Gas Diffusion Electrode with Microporous Layers of Hydrophobicity Gradient Distribution for CO2 Electrolysis in a Zero-Gap Electrolyzer Operated with Pure Water

A zero-gap electrolyzer operated with pure water is much admired for electrochemical CO2 reduction (CO2RR), which could avoid the solid salt precipitation in the cathode. However, the current density of CO2RR in zero-gap electrolyzers is still much low, generally <100 mA cm–2. Herein, we present a wettability regulation strategy in the gas diffusion layer, in which the microporous layer with a hydrophobicity gradient (HG-MPL) is used to enhance the CO2 and electrolyte management. The HG-MPL provides an effective driving force for the removal of excess aqueous electrolytes, while the relatively hydrophilic sublayer of the MPL adjacent to the catalyst layer (CL) avoids overdrainage to maintain CL hydration.

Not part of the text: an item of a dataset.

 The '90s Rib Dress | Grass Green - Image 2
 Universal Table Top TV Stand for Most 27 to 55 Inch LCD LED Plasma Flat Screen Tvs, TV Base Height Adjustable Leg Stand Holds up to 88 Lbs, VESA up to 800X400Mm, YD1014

In addition, abundant hydrophobic pores, formed by interwoven particles between MPL sublayers, ensure gaseous CO2 transport. When tested in a zero-gap electrolyzer using pure water as an anolyte, the gas diffusion electrode with an HG-MPL obtains a current density of >200 mA cm–2 at 3.5 V with a Faradaic efficiency for CO of ∼89%, which effectively enhances the performance.